In a classic twist of irony  and mass mockery, this presidency is riding on a political slogan –“Renewed Hope”- that literally laughs at the people and deprecates its very authors and vendors. Yet the mockery of that slogan lies at the very heart of our experience now. At a time when an administration is supposed to be renewing our hope in the future, we are experiencing the most drastic erosion of the basis of all hope. At a time when a government is supposed to be renewing our hope in government, the machinery of government has been turned into a cult of deceit. At a time when the political class is supposed to be reinforcing  our hope in the nation, the very foundations of our nationhood are being eroded by a combination of incompetence and self delusion. As a result, optimism, the very intangible glue that holds nations together with each democratic transition is in dire scarcity among most Nigerians. Show me a collection of Nigerians at home or abroad, in the city or in villages and the shortage of optimism becomes the standard greeting. It is a series of rhetorical  questions thrown by everybody at everybody: Where are we going? Where is this country headed? What is the agenda of this administration? What will happen to us? So, what next? 

Among Nigerians of nearly every class, tongue or faith,  it would be a hard search to find too many people who are still optimistic about anything, both about the prospects this government, their own personal lives or those of their businesses  or indeed the very future of the country. The youth are either petrified or are fleeing in droves to other lands. The elderly look back at better earlier days and sometimes break down in tears about promises broken, good times gone by and a sweetness turned into bitter bile. Paradise in peril! Traditional rulers have turned into prophets of doom or professional counselors on the dangers of allowing the population of the poor to overwhelm those who can still find the next meal. The other day, the Chief of Defense Staff had cause to caution fellow Nigerians against the growing habit of raining curses at our fatherland. When people are hungry, frustrated and angry, they can curse even their parents and even mouth abominable heresy!

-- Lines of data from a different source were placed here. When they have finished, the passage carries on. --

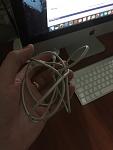     
: IMG_1270.jpg
: 15
:	50.1 
ID:	11629752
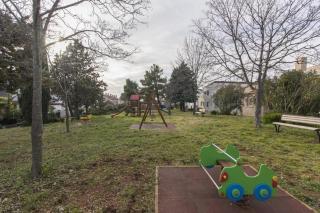 Apartment Lana - Novigrad Istria - 5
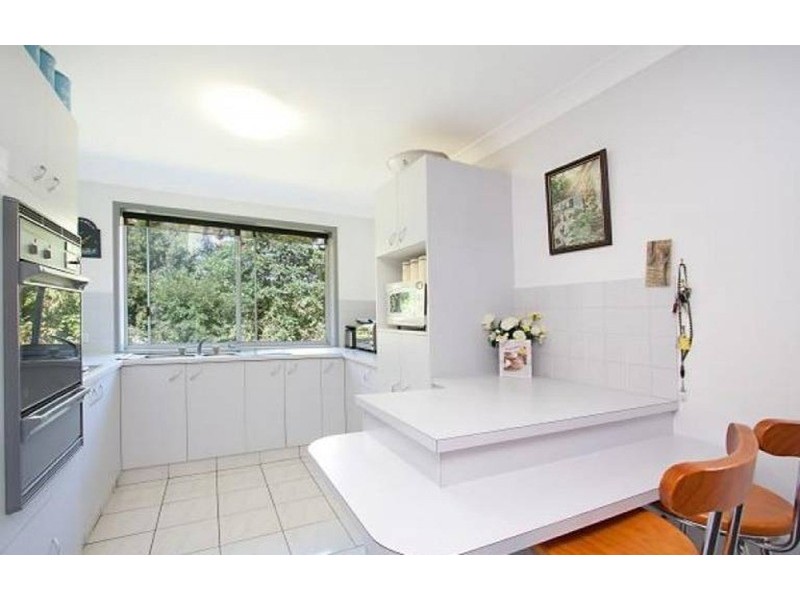 7/14 Kirkwood Road, Tweed Heads South NSW 2486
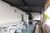 Apartamento, 2 quartos, 65 m² - Foto 8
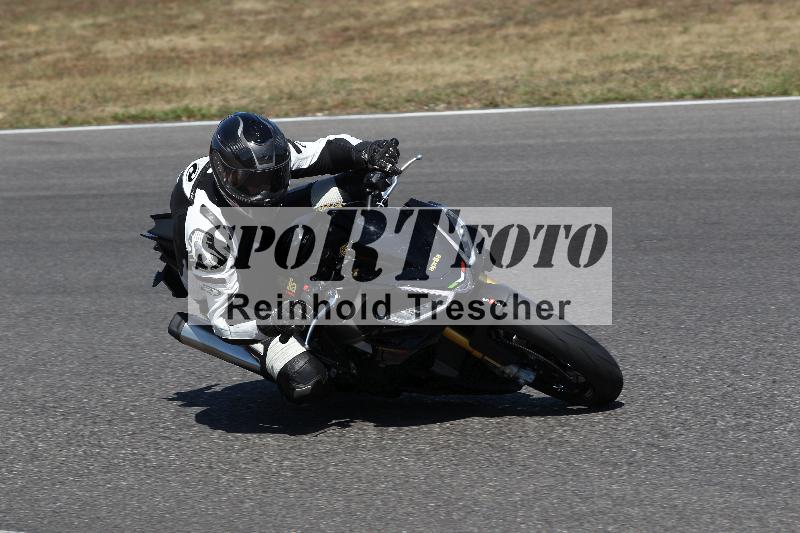 Archiv-2022/50 09.08.2022 MSS und TÖFF Track Day ADR/Gruppe rot/unklar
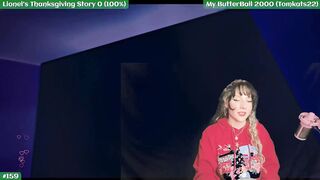 Watch KristieBish Cam Porn Video [Myfreecams] - Adorable, goofball, Kind, Fit, Snarky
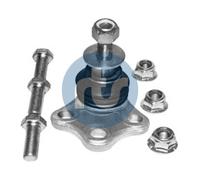 RTS 93-09213-056 Ball Joint for RENAULT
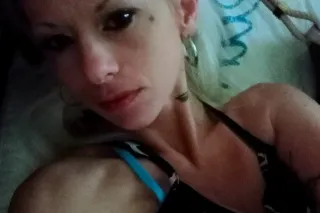 🩷❤💋YOU KNOW YOU WANT ME💦💦 - 33 - Image 1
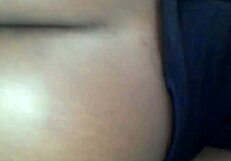 cam girl cam00006 displays her shaved pussy in erotic close-up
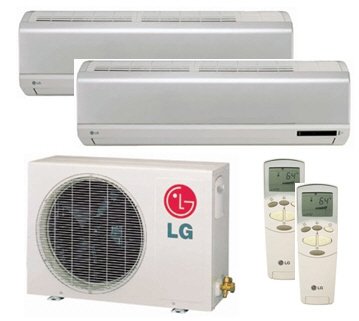 sửa điều hòa tại nhà hà nội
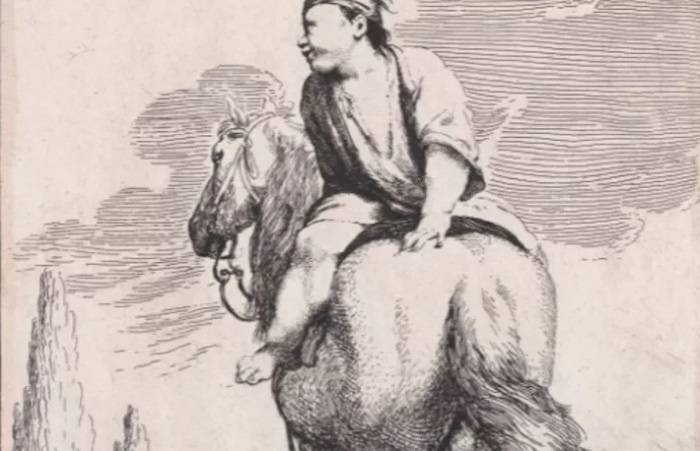 比特币期货贴水是看跌信号？别用老派交易员眼光看市场回调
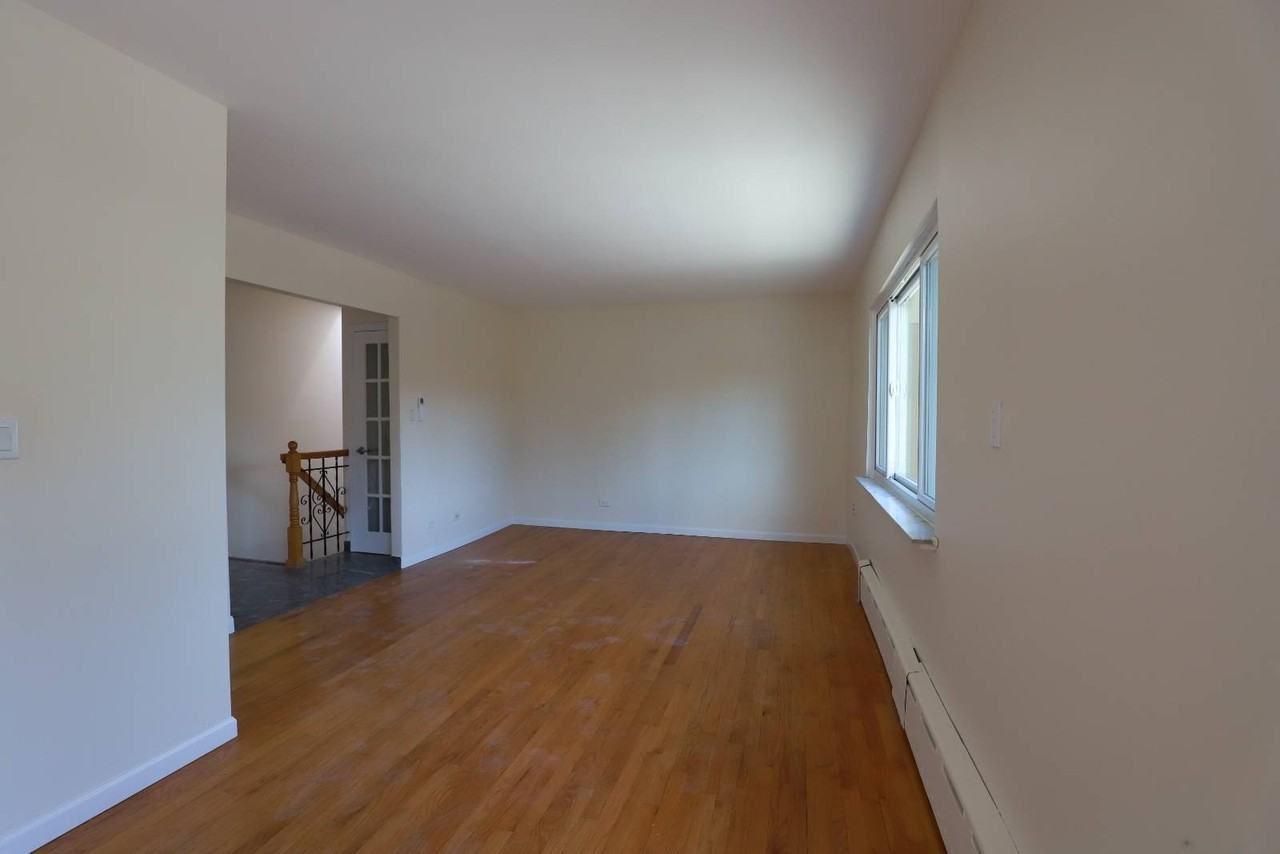 15107 7th Ave #2FL - Photo 4 of 8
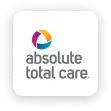 Absolute Total Care (Centene)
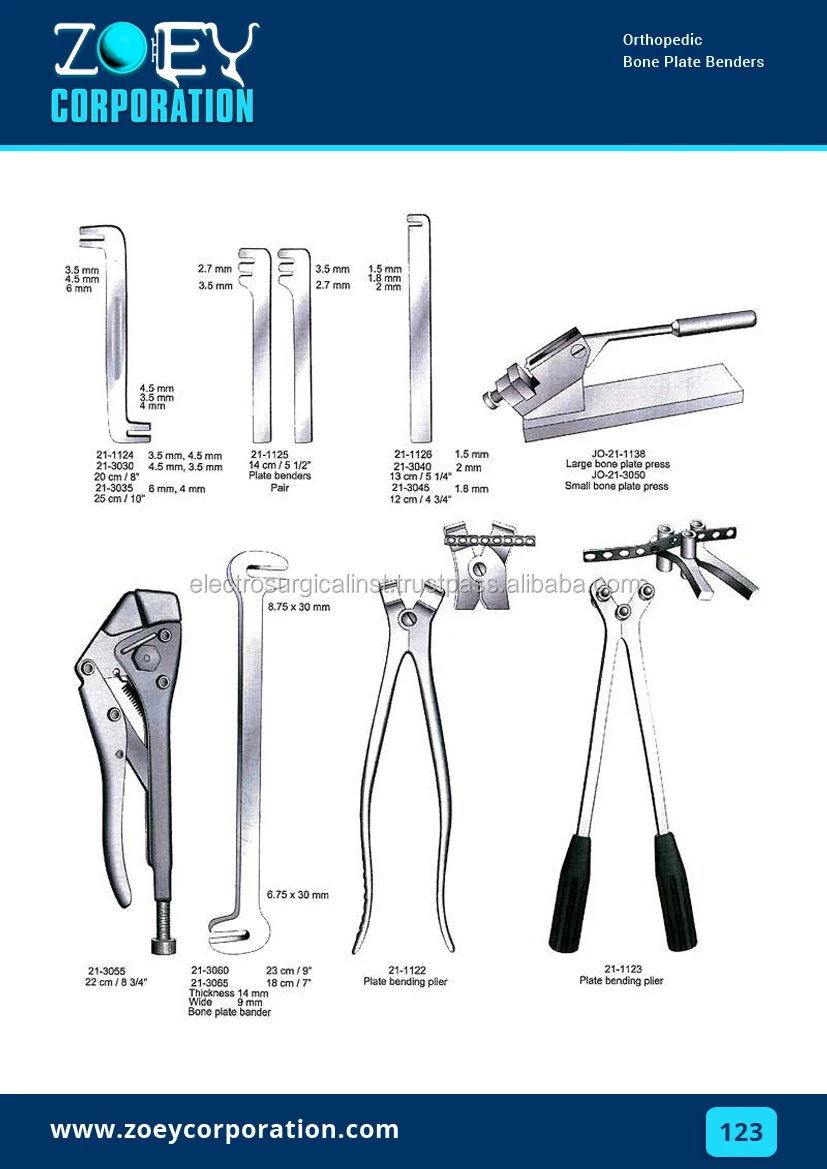 Plate Bending Press.jpg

On the sad faces of their parents, even our children confront the bleakness of the present and are speechless when it comes to asking about the future.  There is hardly anyone left to run to for reassurance. Irrespective of their position and the direction of their prayer compass, our clergy are getting tired of urging patience and perseverance among their faithful. A nation of inconsolable pessimists. That describes Tinubu’s Nigeria at the moment.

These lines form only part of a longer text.